Grai Matters: Looker π? I hardly know her.
It's Live
The BI layer is, somewhat ironically, one of the hardest components of the data stack for many data engineering teams to generate insight into. It's a user facing component often offering generic query capabilities straight to users who may not fully understand the underlying data model. Add to this, configuration is often GUI driven making it difficult to apply software engineering best practices like version control to the development process.
We discussed some of this in last months newsletter about Metabase but these problems generalize across BI tools (including Looker). The user facing attributes of BI tools make otherwise simple testing tasks like testing data migrations for dashboard impact frustratingly difficult. Grai is aiming to change that.
If you're a gcp user an alpha release of the Looker integration has already rolled out and should be available in the sources tab of your dashboard. Once you've connected Looker into Grai existing CI test tasks will automatically start validating changes against user dashboards so give it a shot.
Lineage Discoverability
Navigating within the lineage of a large data graph can be difficult particularly if you don't know exactly what you're looking for in advance.
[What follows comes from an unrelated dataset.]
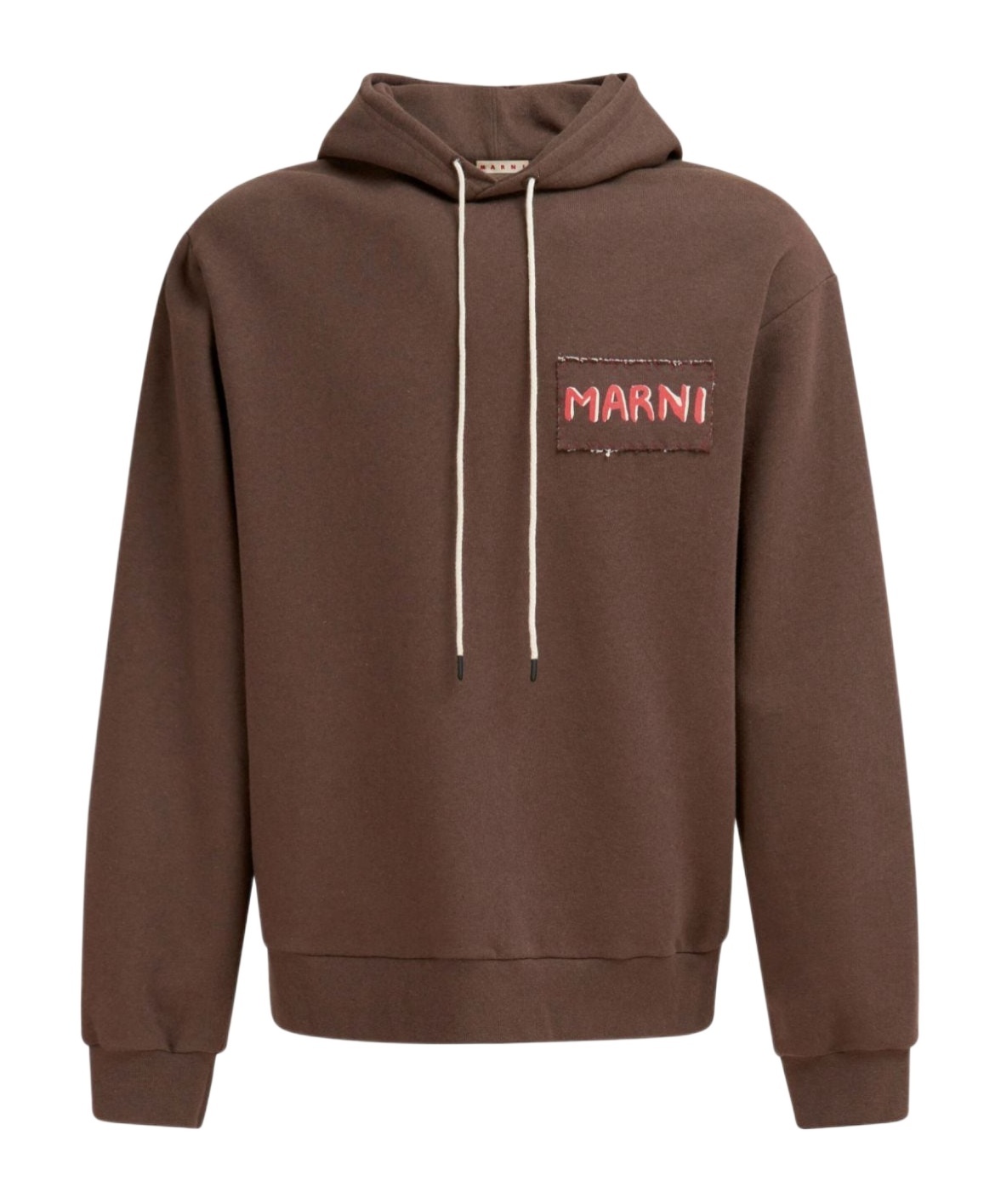 Marni Logo-patch Cotton Hoodie In Brown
We are continuing to iterate on different avenues of improvement here but this month saw the rollout of two major features
Semantic Search
New search capabilities are targeted at improving navigation within large graphs. With it you'll be able to
- Perform partial / fuzzy searches over your entire lineage
- Visually identify search matched data within your graph
- Navigate throughout the graph by clicking on search results within the search panel
This will be an area of continued improvement as we begin indexing additional aspects of metadata into search results so stay tuned for future updates.
Source Graphs
You'll find a new component on the Home page covering something we are calling the "Source Graph." Behind the scenese Grai understands the detailed, column level connections between every piece of data in your organization. However, sometimes what you need is a higher level abstraction identifying the high level relationships between data generators and consumers. For these purposes, the standard graph view is too granular, enter: "Source graphs."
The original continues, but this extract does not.